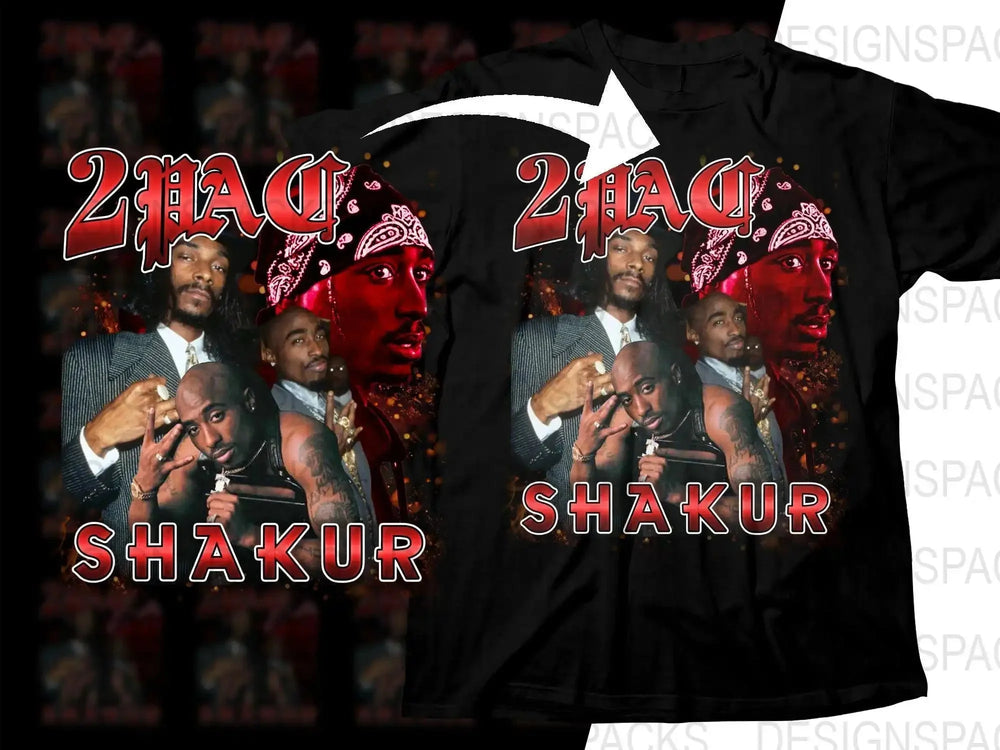 Funny 2Pac Shakur Legends Tribute Graphic Png Digital Download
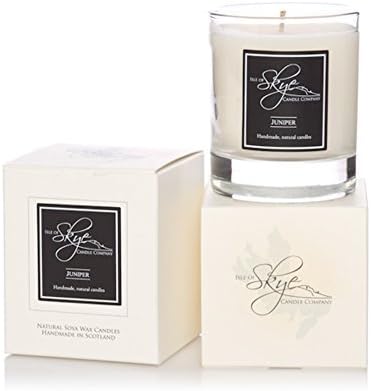Handmade Isle of Skye Soya Candle in a Small Clear Glass Tumbler with 30 Hour Burn Time - Juniper by Isle Of Skye Candles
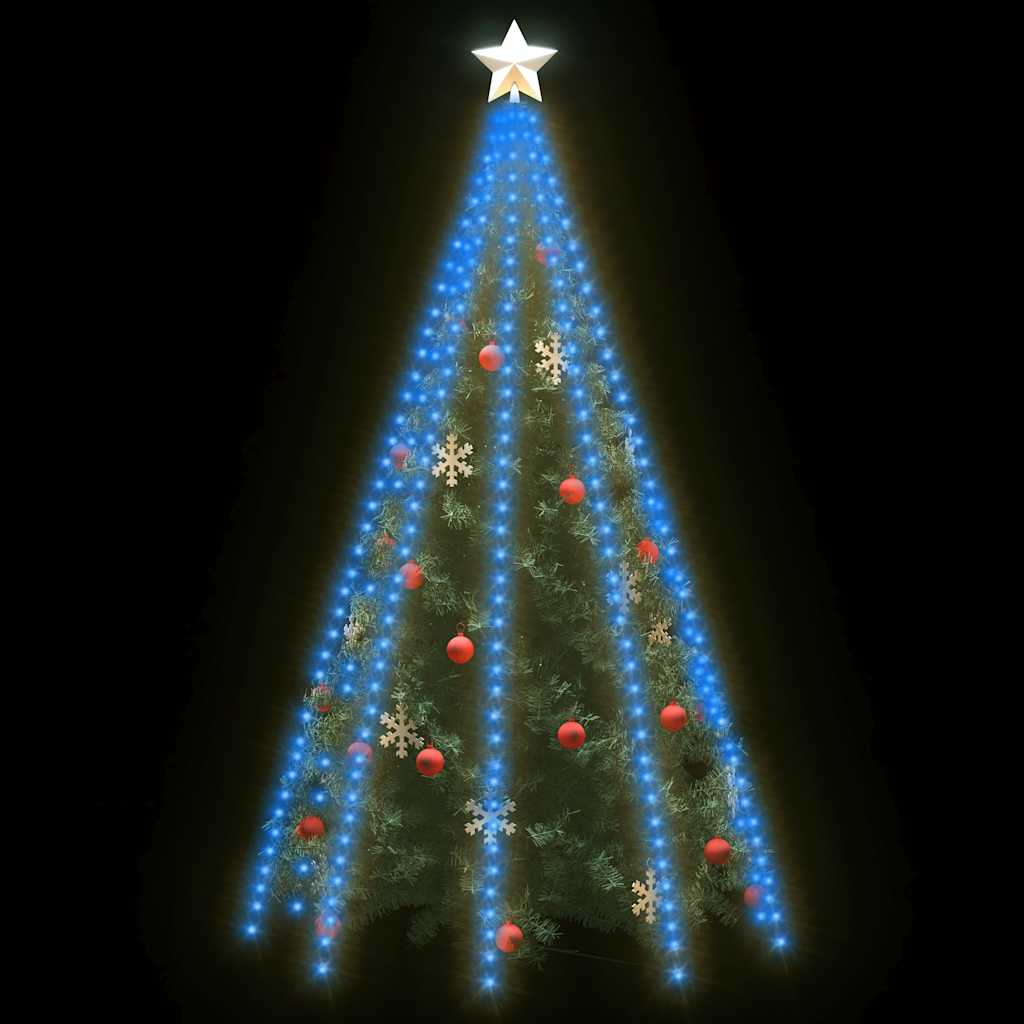 Mrežasta svjetla za božićno drvce 400 LED žarulja plava 400 cm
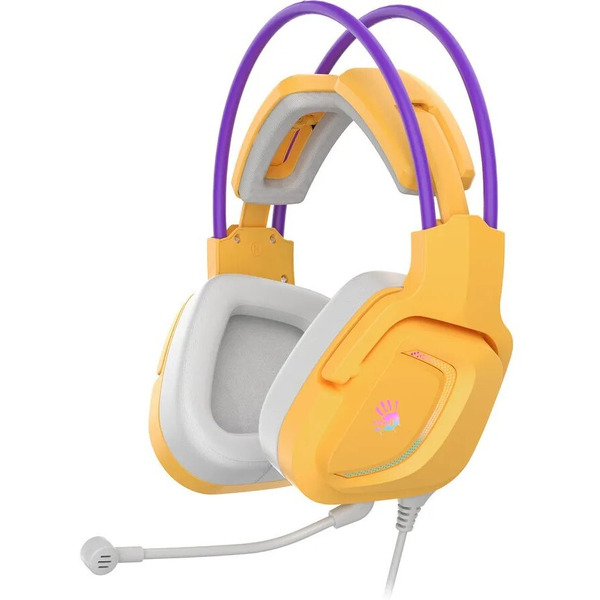 Наушники A4Tech Bloody G575 Punk (желтый/фиолетовый)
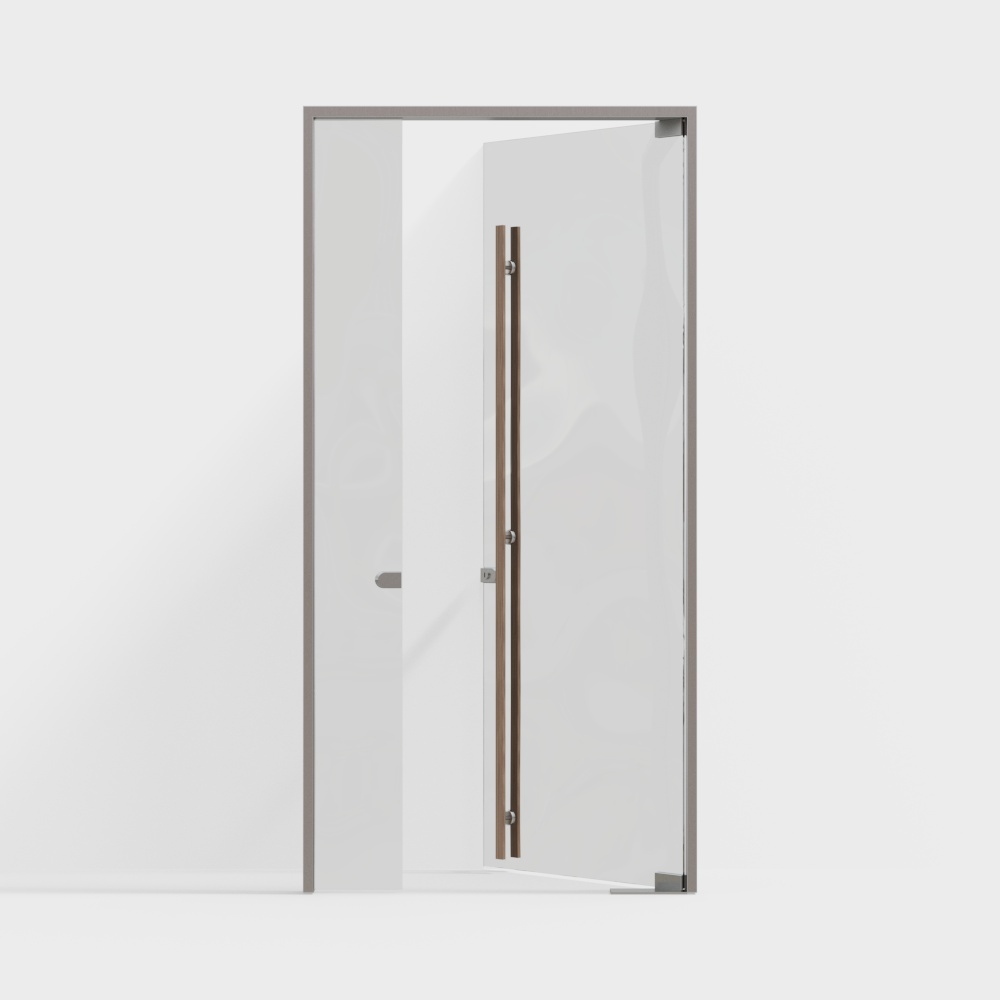 Porte simple en verre moderne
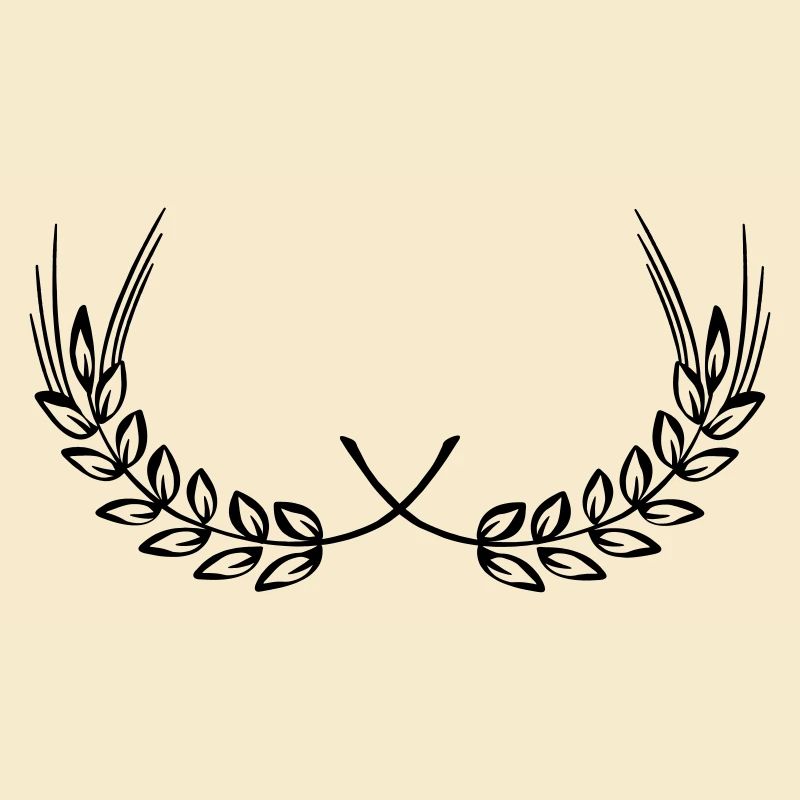 Corn grain wheat decoration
------------------------------------
Your assignment - At the line containing "Handmade Isle of", begin reproducing the entries word for word, and continue through their last line. Leave out the pictures.

Response area -
Handmade Isle of Skye Soya Candle in a Small Clear Glass Tumbler with 30 Hour Burn Time - Juniper by Isle Of Skye Candles
 Mrežasta svjetla za božićno drvce 400 LED žarulja plava 400 cm
 Наушники A4Tech Bloody G575 Punk (желтый/фиолетовый)
 Porte simple en verre moderne
 Corn grain wheat decoration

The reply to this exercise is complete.